Monday, March 10, 2008

Oops, We Did It Again

Free care might not always lead to more care, for one simple reason: cost.
At issue is the amount of reimbursement pediatric specialists get from state and federal funds after treating a child insured under Medicaid or the All Kids program, which uses Medicaid funds. Currently, Illinois specialists said, they are repaid just 33 cents for every dollar they spend on such patients, one of the lowest reimbursement rates in the country.

Physicians worry the increasing gap between medical costs and Medicaid reimbursement rates will make it more difficult to attract new pediatric specialists to the state. Many also worry specialists will leave Illinois or stop accepting children who are covered by Medicaid or All Kids.
Now I really don't want to attract more specialists to our state (so that argument falls flat with me), but the mass exodus of doctors to other states is a consistent finding in states where doctors cannot economically maintain practices. After all, how long would any business last that received $0.33 for every $1 it spends providing their service?

Government-run healthcare ...

... be careful what you ask for.

Instead of asking where the other $0.66 went, these clever doctors, always interested in maintaining their livelihood (who can blaim them?) and understanding the system, do what any well-meaning group in this system would do: ask the government for more money!
Physicians hope legislation submitted to the Illinois General Assembly will help bring reimbursements closer to costs, allowing pediatric specialists, among other practices, to continue seeing All Kids and Medicaid patients.

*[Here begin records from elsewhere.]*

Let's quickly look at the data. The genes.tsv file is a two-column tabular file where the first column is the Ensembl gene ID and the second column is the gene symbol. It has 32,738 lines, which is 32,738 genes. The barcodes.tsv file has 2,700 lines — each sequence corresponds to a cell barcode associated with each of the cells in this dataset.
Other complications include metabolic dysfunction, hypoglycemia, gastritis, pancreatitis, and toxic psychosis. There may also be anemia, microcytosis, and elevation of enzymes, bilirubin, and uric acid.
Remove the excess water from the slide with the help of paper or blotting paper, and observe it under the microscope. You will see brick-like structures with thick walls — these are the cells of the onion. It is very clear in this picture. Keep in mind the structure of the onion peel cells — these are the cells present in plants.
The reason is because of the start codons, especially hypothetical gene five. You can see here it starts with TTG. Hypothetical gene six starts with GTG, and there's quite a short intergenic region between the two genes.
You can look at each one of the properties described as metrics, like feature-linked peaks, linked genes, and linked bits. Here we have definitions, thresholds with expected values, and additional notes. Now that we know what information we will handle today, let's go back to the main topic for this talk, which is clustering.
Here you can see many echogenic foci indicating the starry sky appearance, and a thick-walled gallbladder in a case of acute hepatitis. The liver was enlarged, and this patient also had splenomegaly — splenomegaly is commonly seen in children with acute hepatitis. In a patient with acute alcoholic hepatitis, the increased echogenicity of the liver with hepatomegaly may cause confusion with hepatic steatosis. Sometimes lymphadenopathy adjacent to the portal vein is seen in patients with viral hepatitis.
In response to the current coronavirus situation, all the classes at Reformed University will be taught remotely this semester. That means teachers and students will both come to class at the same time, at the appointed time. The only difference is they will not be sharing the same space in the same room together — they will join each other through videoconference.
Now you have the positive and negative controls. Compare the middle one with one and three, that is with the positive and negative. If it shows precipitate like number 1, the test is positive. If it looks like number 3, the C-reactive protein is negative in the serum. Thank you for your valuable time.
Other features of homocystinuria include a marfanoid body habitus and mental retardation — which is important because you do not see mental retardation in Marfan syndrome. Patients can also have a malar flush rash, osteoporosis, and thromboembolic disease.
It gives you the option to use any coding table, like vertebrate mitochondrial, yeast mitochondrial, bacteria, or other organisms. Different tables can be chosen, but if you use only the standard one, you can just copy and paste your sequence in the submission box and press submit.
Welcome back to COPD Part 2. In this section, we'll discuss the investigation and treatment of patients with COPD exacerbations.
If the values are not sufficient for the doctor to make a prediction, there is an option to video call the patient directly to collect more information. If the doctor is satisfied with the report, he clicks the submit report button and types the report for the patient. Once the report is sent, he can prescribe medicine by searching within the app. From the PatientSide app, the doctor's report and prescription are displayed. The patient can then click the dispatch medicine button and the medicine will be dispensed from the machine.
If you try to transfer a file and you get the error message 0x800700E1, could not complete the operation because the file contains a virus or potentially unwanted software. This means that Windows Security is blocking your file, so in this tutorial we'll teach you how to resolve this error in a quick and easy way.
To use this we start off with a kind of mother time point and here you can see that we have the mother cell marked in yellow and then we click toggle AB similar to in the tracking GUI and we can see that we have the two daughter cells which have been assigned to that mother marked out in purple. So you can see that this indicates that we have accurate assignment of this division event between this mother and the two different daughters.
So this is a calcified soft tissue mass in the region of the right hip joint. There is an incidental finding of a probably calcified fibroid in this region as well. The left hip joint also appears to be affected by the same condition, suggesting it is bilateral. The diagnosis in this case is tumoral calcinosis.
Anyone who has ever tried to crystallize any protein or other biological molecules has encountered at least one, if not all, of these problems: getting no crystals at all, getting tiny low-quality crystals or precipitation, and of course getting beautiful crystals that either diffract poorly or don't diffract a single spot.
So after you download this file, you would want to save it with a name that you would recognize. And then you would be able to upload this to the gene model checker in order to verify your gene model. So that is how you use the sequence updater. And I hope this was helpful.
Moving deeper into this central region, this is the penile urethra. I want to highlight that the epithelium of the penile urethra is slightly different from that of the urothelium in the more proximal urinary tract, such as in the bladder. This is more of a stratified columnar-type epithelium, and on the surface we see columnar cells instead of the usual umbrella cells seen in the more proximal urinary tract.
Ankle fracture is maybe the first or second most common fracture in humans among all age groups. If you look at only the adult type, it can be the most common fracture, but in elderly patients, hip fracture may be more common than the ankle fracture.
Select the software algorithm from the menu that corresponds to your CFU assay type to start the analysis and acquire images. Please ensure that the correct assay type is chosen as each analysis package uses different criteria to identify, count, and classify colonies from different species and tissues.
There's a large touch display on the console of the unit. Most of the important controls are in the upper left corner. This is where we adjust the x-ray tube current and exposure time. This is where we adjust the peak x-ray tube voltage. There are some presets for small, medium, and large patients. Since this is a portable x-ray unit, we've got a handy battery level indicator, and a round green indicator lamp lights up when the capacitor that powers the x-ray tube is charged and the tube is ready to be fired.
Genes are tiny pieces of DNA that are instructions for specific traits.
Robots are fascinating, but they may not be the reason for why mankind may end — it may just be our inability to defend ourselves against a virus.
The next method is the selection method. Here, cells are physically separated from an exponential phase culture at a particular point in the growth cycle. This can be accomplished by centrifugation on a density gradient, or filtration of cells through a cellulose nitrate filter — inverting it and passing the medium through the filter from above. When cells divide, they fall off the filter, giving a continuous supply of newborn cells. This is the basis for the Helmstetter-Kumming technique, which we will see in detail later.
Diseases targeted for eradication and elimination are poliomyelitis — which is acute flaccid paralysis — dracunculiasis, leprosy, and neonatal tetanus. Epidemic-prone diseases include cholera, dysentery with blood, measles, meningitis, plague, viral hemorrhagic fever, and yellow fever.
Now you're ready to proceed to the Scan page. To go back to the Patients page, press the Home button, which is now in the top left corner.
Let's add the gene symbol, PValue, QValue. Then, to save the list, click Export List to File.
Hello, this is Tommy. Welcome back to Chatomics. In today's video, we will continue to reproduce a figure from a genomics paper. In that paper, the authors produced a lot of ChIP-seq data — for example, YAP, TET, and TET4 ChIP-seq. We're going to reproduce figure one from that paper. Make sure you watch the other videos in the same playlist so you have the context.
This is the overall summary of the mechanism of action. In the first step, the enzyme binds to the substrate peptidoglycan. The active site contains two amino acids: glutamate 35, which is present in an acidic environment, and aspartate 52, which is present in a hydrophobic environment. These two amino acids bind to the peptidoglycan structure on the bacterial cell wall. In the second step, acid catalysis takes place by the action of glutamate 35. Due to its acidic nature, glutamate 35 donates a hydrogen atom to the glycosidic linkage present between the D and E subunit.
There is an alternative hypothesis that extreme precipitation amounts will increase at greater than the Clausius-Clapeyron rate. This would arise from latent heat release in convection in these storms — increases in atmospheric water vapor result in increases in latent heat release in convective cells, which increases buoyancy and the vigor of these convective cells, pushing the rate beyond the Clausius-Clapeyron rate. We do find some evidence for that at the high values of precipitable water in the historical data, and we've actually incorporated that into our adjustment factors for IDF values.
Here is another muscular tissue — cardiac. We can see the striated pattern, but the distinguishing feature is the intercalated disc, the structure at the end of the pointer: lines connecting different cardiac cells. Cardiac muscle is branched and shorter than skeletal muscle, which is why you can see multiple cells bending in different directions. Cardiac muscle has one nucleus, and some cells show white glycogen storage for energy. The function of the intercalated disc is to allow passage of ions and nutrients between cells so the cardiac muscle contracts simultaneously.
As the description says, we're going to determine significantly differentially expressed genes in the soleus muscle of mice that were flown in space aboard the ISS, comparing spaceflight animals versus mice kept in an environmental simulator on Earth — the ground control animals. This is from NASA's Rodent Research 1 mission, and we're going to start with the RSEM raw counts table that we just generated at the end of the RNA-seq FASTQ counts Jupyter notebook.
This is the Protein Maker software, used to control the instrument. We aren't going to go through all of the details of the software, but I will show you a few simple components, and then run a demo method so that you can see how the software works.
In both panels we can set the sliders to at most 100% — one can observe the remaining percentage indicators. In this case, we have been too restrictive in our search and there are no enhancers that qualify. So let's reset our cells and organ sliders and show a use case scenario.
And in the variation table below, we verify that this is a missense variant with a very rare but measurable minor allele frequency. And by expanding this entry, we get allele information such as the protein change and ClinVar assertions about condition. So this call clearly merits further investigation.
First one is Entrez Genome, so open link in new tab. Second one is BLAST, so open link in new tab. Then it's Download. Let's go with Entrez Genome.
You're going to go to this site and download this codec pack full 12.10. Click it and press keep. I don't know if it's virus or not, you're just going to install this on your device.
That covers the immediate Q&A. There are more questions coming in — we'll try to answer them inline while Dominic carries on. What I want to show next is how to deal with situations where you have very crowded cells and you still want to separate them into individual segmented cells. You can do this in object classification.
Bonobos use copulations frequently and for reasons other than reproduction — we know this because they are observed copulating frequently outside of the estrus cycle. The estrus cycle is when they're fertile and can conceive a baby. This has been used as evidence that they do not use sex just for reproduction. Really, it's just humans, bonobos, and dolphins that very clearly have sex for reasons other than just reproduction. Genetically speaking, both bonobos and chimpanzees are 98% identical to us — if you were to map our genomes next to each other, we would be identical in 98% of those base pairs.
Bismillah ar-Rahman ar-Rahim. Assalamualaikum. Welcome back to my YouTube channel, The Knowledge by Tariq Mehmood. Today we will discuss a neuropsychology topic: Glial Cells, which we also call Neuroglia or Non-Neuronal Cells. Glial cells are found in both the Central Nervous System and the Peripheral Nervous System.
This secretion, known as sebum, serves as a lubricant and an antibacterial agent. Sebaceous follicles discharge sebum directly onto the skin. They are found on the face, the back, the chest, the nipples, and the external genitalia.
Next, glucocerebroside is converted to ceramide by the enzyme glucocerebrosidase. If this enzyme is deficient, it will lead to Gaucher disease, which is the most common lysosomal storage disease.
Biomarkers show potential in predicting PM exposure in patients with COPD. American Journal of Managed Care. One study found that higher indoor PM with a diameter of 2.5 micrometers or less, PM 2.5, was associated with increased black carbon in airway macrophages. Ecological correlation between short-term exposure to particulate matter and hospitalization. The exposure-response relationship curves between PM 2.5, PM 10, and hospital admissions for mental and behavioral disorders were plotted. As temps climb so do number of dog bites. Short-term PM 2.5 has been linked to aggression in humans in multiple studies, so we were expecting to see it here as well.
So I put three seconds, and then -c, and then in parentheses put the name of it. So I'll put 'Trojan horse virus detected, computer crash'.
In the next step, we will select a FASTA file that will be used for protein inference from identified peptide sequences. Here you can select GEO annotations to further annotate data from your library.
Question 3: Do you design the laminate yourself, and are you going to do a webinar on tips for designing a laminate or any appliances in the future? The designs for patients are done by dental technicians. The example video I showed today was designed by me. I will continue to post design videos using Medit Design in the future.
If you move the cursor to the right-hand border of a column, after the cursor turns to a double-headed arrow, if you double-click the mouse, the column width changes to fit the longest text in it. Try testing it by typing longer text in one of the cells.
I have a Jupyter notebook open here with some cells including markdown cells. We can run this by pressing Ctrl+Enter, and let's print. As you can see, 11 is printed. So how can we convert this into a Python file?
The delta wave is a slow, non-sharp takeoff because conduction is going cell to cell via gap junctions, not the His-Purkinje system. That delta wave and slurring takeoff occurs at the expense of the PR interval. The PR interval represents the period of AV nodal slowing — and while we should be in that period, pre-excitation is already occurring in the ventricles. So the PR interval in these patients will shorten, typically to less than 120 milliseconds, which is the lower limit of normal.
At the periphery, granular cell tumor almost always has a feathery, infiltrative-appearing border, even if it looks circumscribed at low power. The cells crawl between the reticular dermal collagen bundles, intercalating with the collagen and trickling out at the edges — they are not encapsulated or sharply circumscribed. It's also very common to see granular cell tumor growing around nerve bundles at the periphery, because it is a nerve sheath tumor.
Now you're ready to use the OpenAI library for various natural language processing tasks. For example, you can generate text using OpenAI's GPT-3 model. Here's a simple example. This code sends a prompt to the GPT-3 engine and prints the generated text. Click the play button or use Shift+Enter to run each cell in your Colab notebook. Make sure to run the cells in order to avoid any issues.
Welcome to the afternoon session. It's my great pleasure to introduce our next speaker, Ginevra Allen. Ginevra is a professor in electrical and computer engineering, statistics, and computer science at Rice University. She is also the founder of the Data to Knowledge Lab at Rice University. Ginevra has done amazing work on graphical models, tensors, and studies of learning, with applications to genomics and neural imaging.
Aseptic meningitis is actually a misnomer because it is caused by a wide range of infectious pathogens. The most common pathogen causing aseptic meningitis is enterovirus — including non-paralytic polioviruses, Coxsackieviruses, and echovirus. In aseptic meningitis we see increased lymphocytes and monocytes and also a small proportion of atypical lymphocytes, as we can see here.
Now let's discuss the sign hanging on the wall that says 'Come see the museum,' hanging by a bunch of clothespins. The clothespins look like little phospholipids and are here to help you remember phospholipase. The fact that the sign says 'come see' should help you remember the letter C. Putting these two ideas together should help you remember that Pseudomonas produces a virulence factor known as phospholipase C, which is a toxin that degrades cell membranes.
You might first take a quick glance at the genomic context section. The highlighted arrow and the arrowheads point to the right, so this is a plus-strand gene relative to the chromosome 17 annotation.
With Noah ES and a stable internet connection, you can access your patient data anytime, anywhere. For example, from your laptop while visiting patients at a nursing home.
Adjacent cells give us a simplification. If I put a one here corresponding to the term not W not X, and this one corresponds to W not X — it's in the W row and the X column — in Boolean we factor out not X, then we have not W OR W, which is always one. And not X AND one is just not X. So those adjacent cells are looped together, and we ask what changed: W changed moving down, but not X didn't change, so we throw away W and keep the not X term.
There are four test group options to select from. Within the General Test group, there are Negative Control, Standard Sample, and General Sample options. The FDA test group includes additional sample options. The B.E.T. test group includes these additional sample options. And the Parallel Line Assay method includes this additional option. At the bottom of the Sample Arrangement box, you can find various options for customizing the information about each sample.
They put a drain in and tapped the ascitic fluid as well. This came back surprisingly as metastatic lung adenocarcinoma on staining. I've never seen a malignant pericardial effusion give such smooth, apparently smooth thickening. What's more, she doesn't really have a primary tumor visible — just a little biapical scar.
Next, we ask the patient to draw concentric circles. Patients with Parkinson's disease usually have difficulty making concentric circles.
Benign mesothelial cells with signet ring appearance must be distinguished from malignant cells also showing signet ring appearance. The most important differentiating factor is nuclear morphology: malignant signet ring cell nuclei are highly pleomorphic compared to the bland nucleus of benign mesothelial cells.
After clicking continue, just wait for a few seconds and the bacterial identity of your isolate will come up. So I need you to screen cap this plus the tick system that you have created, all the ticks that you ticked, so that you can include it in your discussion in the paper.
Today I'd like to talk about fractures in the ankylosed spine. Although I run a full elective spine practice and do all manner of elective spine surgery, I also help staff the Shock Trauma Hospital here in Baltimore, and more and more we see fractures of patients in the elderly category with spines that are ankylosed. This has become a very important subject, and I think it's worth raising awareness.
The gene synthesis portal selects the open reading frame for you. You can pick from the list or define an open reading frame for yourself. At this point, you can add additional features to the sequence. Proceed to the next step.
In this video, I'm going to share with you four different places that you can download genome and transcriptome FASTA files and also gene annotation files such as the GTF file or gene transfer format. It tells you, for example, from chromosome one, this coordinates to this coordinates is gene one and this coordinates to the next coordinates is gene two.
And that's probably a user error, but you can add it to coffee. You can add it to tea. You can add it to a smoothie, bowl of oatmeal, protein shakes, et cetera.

But adjustments for pediatric specialists alone could cost the state $75 million, said George Hovanec, former state Medicaid director who is a consultant for Children's Memorial Hospital.
Who do you think will pay the bill?

Oops, we're doin' it again!

-Wes

Addendum 09:45AM CST: One more thought: Hey, if we don't care about costs, it's almost funny that the state can find a billion dollars for a single new children's hospital, but can't find $75 million to supplement doctors' fees.

Thursday, April 05, 2007

Really Helping Our Needy

This evening, I saw a spot on the news about a new Illinois "comprehensive" health website to serve as a safety net for those without insurance in our state. I decided to peruse some of the offerings and had to check out the I-Save Rx link which promises to save our needy folks up to 40% on the cost of heart medications. Just dial 1-866-I-SAVE33 and earn a whopping 44% off your next prescription of Zocor imported from Australia, England, New Zealand or Canada!

Never mind that 100 pills (a 3-month, 10 day supply of 100 tablets of 40mg tablets of generic simvastatin from the USA) can be obtained at CostCo for $28.15 - a 93% savings.

Although some have certainly found benefit with the I-Save program, if we really want to help out the needy, why not make such information about generic drug alternatives available on the website as well?

Or could it be that special interests that contribute to governmental coffers might be making a killing on this program at the little guy's expense?